*** Opening of AVAILABLE DATA ***

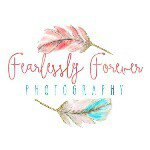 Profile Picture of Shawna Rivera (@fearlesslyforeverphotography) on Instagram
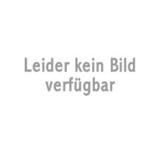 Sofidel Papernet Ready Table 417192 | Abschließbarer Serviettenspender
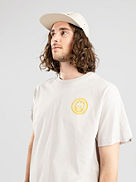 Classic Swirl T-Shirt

*** Close of AVAILABLE DATA ***
*** Opening of AVAILABLE DATA ***

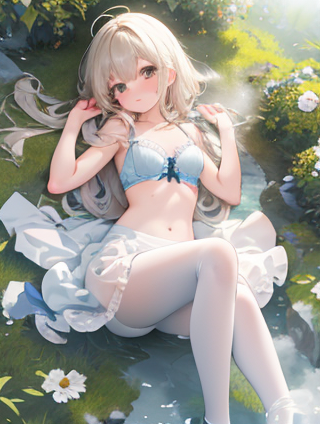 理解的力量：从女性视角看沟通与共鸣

*** Close of AVAILABLE DATA ***

AIM OF THE EXERCISE —
Using the data above, output the line that has "Sofidel Papernet Ready", the line that has "Classic Swirl T-Shirt", and whatever lines fall between, each exactly as it stands and without pictures.

REPLY —
 Sofidel Papernet Ready Table 417192 | Abschließbarer Serviettenspender
 Classic Swirl T-Shirt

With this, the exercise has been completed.